Ein "Ausstellungswunder" in der Provinz kündigt Eckhard Fuhr an. Am Sonntag wird das Kunstmuseum Solingen zum "Museum der verfolgten Künste". Es basiert auf der Sammlung des Journalisten Jürgen Serke, der die Lebenswege von Autoren erforscht hat, die unter Nationalsozialismus und Kommunismus zu leiden hatten. Serke selbst schreibt zu seiner Sammlung in der Literarischen Welt und erinnert an den Fotografen Wilfried Bauer, dessen Fotografien der verfemten Dichter in der Beilage und in Solingen zu sehen sind. "Heute ist es für jeden sichtbar, dass sie als Wahrheitszeugen den großen Todesmühlen des 20. Jahrhunderts Paroli geboten haben. Ihr Leben ist die unerbittliche Lektion über das Thema Literatur und Moral in der zweiten Hälfte des 20. Jahrhunderts. Sie waren es, die sich gegen die Fangnetze des Eindeutigen, der Ideologien, Systeme, dem Banalkonsum dieser nicht festlegbaren einmaligen Existenz gewehrt haben. Bauer holte die Ketzer wider den Kommunismus fast als Heilige heim in seinen Bildern, aus einer Epoche großer Bösartigkeit - auch im Westen, wo man sie lange nicht verstehen wollte."

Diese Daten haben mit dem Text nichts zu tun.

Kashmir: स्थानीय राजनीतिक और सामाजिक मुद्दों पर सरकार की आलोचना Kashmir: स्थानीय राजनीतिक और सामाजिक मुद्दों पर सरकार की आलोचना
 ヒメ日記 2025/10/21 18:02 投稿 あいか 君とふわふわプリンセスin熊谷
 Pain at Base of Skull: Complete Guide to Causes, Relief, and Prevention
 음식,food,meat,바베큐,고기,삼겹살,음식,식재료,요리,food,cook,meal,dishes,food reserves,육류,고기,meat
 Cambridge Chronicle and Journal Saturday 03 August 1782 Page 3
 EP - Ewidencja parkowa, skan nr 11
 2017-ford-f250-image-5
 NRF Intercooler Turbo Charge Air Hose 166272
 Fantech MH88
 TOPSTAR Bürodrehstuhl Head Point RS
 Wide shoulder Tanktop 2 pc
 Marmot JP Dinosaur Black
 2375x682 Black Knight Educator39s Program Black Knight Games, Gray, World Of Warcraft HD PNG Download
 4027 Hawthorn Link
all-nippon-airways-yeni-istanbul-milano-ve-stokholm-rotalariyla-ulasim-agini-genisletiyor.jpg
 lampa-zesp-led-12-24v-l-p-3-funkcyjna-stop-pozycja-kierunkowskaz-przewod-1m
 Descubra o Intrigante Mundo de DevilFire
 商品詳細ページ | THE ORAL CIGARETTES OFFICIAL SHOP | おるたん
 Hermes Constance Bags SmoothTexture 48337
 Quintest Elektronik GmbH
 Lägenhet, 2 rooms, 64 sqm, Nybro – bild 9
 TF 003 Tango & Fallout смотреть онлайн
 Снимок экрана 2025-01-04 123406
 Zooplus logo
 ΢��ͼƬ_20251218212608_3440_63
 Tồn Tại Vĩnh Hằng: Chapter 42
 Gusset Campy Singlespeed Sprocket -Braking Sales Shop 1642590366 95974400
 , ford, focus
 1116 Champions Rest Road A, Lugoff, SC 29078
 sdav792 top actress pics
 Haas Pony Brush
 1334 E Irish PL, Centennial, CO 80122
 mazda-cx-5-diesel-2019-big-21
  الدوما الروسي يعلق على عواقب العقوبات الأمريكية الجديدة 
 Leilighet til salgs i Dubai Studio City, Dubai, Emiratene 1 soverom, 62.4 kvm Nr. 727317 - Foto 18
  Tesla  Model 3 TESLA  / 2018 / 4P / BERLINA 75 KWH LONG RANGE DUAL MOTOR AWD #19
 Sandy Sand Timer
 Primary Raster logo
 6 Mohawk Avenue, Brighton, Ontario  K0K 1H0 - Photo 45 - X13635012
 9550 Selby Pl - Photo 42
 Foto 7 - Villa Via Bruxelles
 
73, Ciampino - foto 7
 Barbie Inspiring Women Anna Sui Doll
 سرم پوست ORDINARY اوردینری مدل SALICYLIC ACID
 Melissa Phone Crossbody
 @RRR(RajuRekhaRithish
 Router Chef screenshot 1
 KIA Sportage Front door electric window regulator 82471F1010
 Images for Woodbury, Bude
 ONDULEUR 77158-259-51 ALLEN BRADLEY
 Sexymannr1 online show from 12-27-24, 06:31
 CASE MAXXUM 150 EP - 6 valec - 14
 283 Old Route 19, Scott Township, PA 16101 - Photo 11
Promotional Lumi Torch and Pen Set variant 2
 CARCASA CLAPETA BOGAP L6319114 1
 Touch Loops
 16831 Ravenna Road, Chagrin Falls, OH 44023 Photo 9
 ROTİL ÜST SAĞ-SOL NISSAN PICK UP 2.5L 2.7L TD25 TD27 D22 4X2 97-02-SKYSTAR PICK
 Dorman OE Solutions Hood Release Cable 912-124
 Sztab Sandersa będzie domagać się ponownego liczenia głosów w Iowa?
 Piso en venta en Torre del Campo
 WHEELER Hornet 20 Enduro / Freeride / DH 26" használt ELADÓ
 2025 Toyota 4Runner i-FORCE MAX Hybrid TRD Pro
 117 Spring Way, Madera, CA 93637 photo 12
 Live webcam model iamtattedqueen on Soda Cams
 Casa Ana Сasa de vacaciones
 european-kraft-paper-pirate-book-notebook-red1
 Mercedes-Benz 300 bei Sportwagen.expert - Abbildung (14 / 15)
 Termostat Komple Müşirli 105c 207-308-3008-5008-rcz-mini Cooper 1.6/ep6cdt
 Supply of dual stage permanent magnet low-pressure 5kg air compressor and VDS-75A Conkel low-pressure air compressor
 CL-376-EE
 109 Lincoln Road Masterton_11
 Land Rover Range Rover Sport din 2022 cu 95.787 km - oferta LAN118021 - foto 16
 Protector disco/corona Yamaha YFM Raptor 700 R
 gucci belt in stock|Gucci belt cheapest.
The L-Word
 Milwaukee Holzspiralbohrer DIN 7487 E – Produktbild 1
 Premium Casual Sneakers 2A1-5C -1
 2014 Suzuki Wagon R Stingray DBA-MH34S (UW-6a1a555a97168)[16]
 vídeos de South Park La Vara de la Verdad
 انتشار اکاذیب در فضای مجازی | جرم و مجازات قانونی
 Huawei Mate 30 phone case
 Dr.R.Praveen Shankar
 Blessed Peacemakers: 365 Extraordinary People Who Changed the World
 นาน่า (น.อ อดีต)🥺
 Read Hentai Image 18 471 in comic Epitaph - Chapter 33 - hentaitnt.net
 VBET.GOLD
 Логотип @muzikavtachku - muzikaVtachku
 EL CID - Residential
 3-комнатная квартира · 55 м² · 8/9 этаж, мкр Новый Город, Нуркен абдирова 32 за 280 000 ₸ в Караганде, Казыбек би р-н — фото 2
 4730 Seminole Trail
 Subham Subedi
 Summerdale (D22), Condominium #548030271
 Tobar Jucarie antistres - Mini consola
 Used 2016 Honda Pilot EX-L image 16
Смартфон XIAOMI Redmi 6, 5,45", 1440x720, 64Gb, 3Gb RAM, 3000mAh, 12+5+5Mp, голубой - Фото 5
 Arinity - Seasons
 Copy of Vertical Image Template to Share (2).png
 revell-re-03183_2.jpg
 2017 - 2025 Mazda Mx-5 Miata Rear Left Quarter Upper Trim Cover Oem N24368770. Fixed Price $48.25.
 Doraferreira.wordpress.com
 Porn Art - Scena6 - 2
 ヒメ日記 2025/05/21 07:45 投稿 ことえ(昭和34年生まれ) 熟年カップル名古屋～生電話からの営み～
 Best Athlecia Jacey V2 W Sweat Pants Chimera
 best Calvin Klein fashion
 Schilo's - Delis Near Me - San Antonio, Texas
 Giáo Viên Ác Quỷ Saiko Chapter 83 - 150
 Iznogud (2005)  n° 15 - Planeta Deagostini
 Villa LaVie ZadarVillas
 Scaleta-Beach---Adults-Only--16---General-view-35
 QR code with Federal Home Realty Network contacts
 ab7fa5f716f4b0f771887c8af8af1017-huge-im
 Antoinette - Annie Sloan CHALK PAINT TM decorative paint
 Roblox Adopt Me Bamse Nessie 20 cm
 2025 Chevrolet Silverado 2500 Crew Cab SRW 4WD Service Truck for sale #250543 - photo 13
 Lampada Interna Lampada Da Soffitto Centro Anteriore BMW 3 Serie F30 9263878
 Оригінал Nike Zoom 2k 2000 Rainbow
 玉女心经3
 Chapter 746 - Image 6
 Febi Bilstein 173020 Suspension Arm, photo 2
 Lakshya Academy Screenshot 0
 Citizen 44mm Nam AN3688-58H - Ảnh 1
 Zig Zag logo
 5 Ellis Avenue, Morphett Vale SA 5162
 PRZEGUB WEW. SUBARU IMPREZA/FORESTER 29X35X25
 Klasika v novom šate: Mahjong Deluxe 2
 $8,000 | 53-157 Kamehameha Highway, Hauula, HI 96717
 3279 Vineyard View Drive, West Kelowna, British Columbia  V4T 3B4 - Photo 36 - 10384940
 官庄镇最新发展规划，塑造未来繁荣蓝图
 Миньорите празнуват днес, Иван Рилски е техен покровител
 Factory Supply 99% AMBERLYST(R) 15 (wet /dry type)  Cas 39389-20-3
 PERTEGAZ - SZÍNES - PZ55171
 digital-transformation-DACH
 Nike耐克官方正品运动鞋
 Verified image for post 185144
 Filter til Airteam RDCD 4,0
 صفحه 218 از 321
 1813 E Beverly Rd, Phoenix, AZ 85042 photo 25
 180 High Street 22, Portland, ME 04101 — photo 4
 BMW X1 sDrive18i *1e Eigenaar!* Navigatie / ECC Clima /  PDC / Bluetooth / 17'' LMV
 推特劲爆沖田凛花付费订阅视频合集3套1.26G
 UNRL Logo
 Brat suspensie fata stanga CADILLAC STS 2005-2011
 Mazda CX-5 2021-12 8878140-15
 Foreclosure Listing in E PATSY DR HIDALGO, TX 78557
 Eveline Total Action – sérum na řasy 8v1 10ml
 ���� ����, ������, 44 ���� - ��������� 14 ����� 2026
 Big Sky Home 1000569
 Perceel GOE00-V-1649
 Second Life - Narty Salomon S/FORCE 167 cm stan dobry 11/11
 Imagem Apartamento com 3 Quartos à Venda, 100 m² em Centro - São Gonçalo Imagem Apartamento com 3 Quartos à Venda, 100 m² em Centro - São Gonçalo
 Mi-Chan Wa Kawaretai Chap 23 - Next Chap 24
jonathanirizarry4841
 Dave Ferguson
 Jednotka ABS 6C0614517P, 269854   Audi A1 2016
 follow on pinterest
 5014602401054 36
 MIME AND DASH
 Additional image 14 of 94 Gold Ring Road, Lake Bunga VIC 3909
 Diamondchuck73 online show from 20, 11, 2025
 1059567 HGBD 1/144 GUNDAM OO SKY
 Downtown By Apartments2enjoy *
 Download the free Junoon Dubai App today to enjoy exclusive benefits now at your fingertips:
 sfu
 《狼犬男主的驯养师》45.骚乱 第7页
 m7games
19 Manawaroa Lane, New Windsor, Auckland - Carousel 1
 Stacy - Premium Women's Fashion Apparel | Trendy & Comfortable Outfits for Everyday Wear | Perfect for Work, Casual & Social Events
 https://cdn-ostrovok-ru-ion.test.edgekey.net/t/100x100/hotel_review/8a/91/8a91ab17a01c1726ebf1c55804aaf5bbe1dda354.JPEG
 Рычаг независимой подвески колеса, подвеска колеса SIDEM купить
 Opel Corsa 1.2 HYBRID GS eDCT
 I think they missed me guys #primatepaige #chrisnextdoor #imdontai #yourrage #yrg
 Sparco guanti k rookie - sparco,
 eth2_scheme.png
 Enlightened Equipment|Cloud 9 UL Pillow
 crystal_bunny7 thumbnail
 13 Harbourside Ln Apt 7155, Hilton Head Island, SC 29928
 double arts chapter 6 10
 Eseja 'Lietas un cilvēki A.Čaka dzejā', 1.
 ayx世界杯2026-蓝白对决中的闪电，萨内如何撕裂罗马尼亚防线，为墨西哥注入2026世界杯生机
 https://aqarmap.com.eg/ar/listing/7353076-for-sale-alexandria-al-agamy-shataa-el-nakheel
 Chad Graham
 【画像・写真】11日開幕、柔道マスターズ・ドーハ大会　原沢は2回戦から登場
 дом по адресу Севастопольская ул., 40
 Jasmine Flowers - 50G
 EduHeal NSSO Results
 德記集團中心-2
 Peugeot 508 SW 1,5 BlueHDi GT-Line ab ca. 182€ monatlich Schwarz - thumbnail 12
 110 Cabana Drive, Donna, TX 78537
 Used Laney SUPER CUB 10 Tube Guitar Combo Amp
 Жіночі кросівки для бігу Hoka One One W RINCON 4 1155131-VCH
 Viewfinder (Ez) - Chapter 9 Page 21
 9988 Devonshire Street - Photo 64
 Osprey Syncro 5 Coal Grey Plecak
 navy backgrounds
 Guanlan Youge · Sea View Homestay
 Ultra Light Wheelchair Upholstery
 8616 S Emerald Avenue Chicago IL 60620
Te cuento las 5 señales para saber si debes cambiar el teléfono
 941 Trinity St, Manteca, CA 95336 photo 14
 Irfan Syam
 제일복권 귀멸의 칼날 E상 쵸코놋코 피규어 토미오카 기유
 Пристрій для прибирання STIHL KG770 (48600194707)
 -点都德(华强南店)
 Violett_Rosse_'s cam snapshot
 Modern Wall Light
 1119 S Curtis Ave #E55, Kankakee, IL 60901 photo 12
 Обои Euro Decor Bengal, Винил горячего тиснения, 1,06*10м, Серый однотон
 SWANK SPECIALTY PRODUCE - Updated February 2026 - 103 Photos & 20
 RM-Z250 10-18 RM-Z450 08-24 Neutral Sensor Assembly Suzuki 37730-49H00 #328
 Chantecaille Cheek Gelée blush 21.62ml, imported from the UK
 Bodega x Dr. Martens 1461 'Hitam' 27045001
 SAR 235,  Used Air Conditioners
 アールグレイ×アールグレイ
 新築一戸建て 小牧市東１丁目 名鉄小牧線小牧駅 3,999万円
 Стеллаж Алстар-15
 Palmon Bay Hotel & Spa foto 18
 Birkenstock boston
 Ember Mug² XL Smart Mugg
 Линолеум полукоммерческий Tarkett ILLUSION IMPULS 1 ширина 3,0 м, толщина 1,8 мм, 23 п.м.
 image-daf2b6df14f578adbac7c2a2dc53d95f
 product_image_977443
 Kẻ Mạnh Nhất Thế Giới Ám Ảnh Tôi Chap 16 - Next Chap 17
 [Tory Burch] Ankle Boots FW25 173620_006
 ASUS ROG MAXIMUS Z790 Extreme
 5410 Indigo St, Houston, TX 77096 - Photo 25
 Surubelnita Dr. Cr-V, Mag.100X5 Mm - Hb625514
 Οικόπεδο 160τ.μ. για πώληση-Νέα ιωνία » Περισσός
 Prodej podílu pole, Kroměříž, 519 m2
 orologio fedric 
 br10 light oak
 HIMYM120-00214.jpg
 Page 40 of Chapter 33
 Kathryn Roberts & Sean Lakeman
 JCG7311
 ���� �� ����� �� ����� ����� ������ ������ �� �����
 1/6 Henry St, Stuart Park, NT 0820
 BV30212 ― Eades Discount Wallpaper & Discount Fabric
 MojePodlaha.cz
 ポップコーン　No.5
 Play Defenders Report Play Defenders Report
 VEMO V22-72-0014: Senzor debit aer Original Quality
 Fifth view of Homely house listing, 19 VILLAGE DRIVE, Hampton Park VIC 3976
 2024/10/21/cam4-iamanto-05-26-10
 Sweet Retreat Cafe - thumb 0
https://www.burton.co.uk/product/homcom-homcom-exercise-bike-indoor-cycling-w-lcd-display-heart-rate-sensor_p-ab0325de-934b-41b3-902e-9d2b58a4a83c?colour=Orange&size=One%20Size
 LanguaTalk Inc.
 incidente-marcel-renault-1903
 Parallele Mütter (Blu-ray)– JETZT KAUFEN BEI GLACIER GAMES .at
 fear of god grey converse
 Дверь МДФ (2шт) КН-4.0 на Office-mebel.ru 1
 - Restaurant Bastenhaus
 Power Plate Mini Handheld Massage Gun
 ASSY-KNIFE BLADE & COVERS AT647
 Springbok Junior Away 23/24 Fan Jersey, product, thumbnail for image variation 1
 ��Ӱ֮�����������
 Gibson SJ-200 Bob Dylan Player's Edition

Im Feuilleton erläutert Michael Pilz, wie die britischen Alt-Punker Morrissey und Billy Bragg eine zeitgemäße Definition des Patriotismus finden wollen - auf jeweils eigenen Wegen. Hannes Stein besucht in New York einen Vortrag von Irshad Manji, islamische Aufklärerin aus Kanada und Direktorin des "Moral Courage Projects" der New York University.

Besprochen wird der Auftritt Placido Domingos in Händels "Tamerlano" im Teatro Real in Madrid, eine Ausstellung über den Architekten Bruno Möhring in der von ihm erdachten Zeche Zollern und Klaus Hoffmanns Album "Spirit".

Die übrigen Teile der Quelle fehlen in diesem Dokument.